Technical Abstract: This monograph is a compendium of all plant species reported as hosts of C. capitata (or potential hosts based on mere appearance on some lists). There are 353 species (312 have valid genera and species names and 41 have species identified as "sp." or "spp.") included in the monograph; 79 species have laboratory infestation data, 79 species have field infestation data, 41 species have both laboratory and field infestation data, and 154 have neither laboratory nor field infestation data. The host plants of the Mediterranean fruit fly catalogued in this monograph belong to 67 families. However, 40% of them belong to only five families: Myrtaceae (6%), Rosaceae (10%), Rutaceae (9%), Sapotaceae (9%), and Solanaceae (6%). These families comprise species that can be heavily infested irrespective of geography. Extreme polyphagy and adaptability of C. capitata is exhibited by its capacity to feed on tropical, subtropical, and temperate plant species included in the monograph. This review highlights the fact that, although C. capitata is a pest of worldwide importance, little is known about its biology in different host plants. Our survey of the literature revealed a great lack of information on the behavioral and demographic relationships of C. capitata to its hosts. The possible occurrence of host biotypes, host races, or genetic variants among different geographic populations further complicates the problem of defining its suitable hosts. Because of the importance of C. capitata as a quarantine pest, its host plants must be evalu¬ated in two different perspectives: (1) as biolog¬ical (breeding) hosts contributing to population growth; and (2) as regulatory hosts contributing to the hazard of accidental introduction.

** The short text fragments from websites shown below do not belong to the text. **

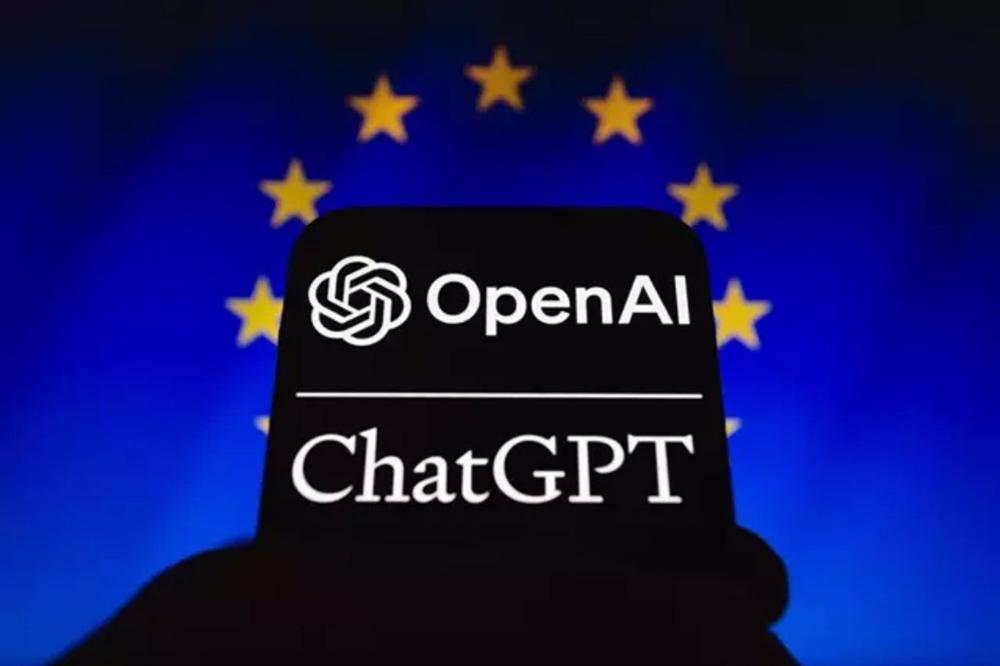 Imagen de archivo del logo de ChatGPT frente a la bandera de la UE. Imagen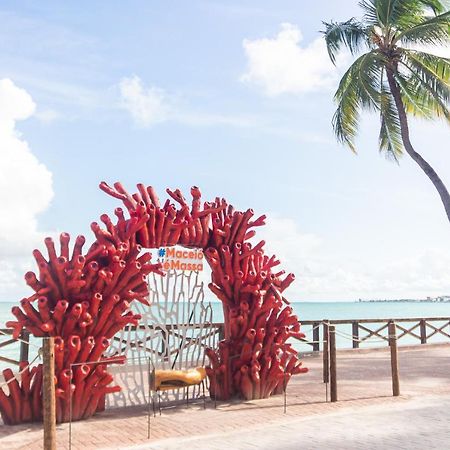 Duplex De Alto Padrao Na Praia De Pajucara Maceio  Luaran gambar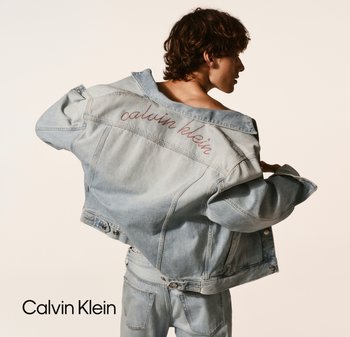Lichtblauwe spijkerjack met een geborduurd 'calvin klein' label op de achterkant, met een relaxte pasvorm en een opvallende vervaagde textuur.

Although the realm of determining the biological hosts belongs to research scientists, the designation of regulatory host status must be given careful consideration by both research and regulatory entomologists because of legal and economic im¬plications. MEDHOST, version 1.1, is a revision of “MEDHOST: An Encyclopedic Bibliography of the Host Plants of the Mediterranean fruit fly, Ceratitis capitata (Weidemann), Version 1.0,” which was released in 1998 as a Windows-based executable database. MedHost, version 1.1, significantly improves accessibility to this host plant database by developing/establishing it as an internet-based interactive application.